(Stored data entries)
-- Opening Marker --

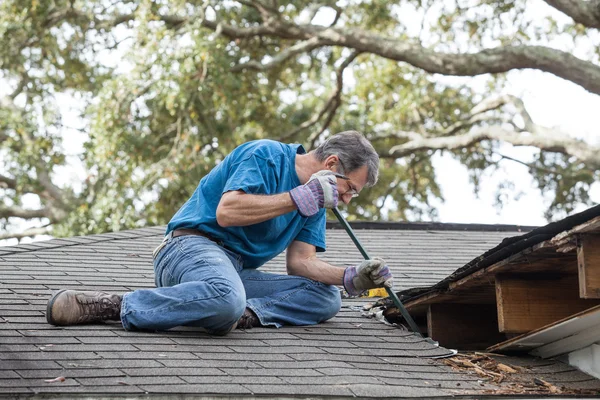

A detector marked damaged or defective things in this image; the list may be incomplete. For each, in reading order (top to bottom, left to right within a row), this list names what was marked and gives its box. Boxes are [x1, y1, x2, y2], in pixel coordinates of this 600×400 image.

damaged roof [1, 222, 600, 396]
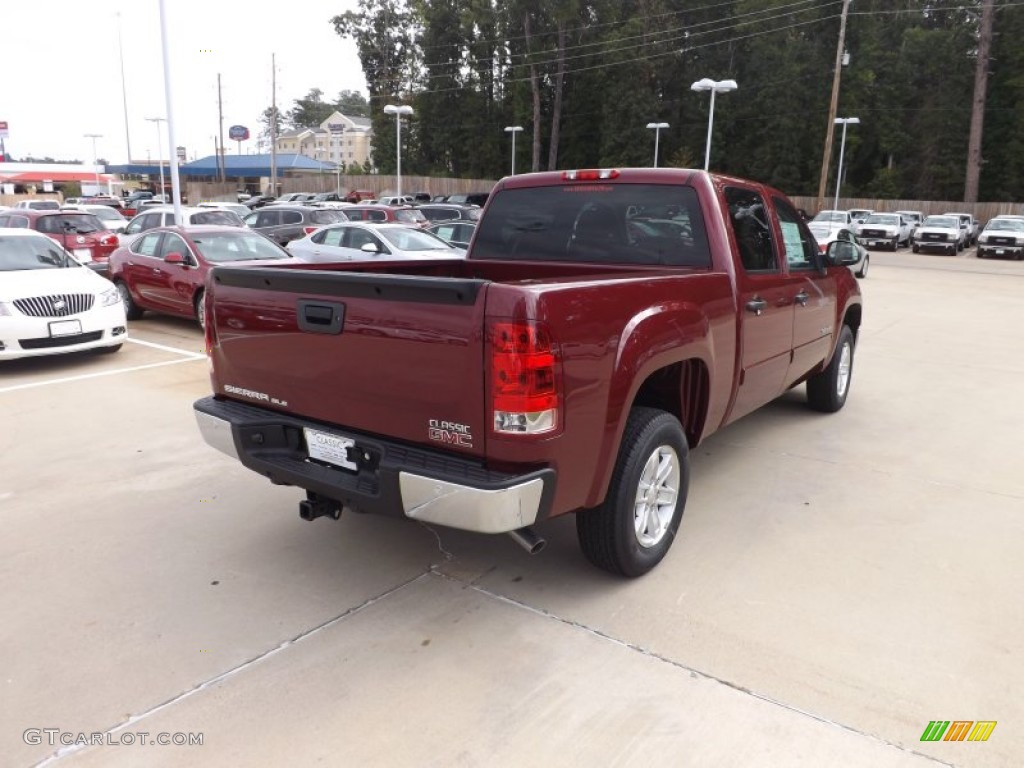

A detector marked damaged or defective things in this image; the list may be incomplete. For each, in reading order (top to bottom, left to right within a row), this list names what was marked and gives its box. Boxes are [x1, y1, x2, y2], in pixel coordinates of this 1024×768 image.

concrete pavement crack [32, 569, 432, 765]
concrete pavement crack [438, 569, 950, 768]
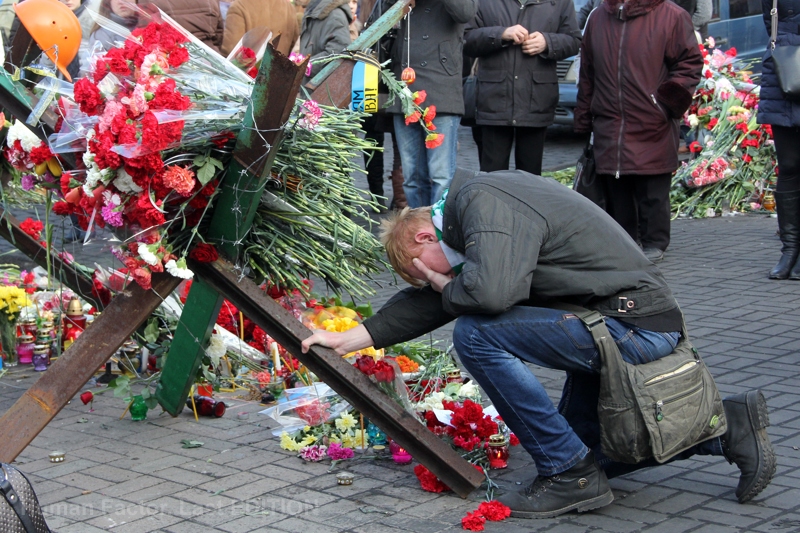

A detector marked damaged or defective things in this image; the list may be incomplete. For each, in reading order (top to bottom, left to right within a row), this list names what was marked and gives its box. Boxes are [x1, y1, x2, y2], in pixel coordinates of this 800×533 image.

rusted metal beam [0, 274, 180, 462]
rusted metal beam [191, 258, 484, 498]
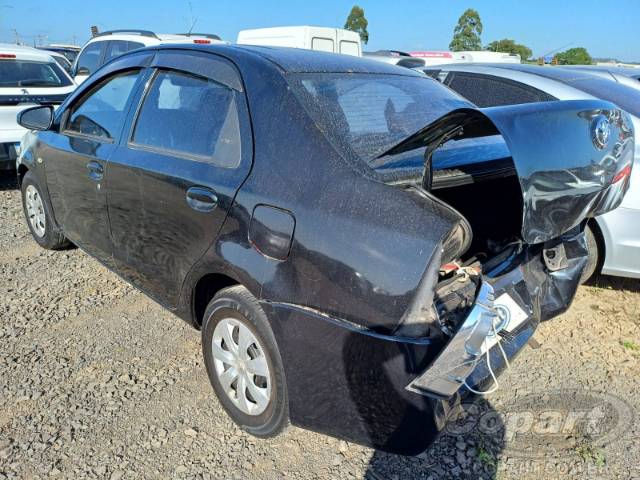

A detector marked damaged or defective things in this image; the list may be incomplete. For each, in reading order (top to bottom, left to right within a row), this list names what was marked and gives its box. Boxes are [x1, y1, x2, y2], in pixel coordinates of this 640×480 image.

damaged rear end [388, 98, 632, 398]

-- Closing Marker --

— ASSIGNMENT —
Keep the pictures out and write out the records exactly.

— ANSWER TO THIS TASK —
A detector marked damaged or defective things in this image; the list may be incomplete. For each, in reading order (top to bottom, left to right within a row), this list names what was marked and gives its box. Boxes are [x1, y1, x2, y2], in pixel coordinates of this 600×400 image.

damaged roof [1, 222, 600, 396]

A detector marked damaged or defective things in this image; the list may be incomplete. For each, in reading order (top to bottom, left to right within a row), this list names what was marked and gives its box. Boxes are [x1, y1, x2, y2], in pixel coordinates of this 1024×768 image.

concrete pavement crack [32, 569, 432, 765]
concrete pavement crack [438, 569, 950, 768]

A detector marked damaged or defective things in this image; the list may be incomplete. For each, in reading order (top to bottom, left to right within a row), this list names what was marked and gives its box. Boxes are [x1, y1, x2, y2], in pixel coordinates of this 800×533 image.

rusted metal beam [0, 274, 180, 462]
rusted metal beam [191, 258, 484, 498]

A detector marked damaged or defective things in this image; the list may be incomplete. For each, in reading order (top to bottom, left to right within a row), this list names what was marked and gives its box. Boxes are [x1, y1, x2, y2], in pixel coordinates of this 640×480 image.

damaged rear end [388, 98, 632, 398]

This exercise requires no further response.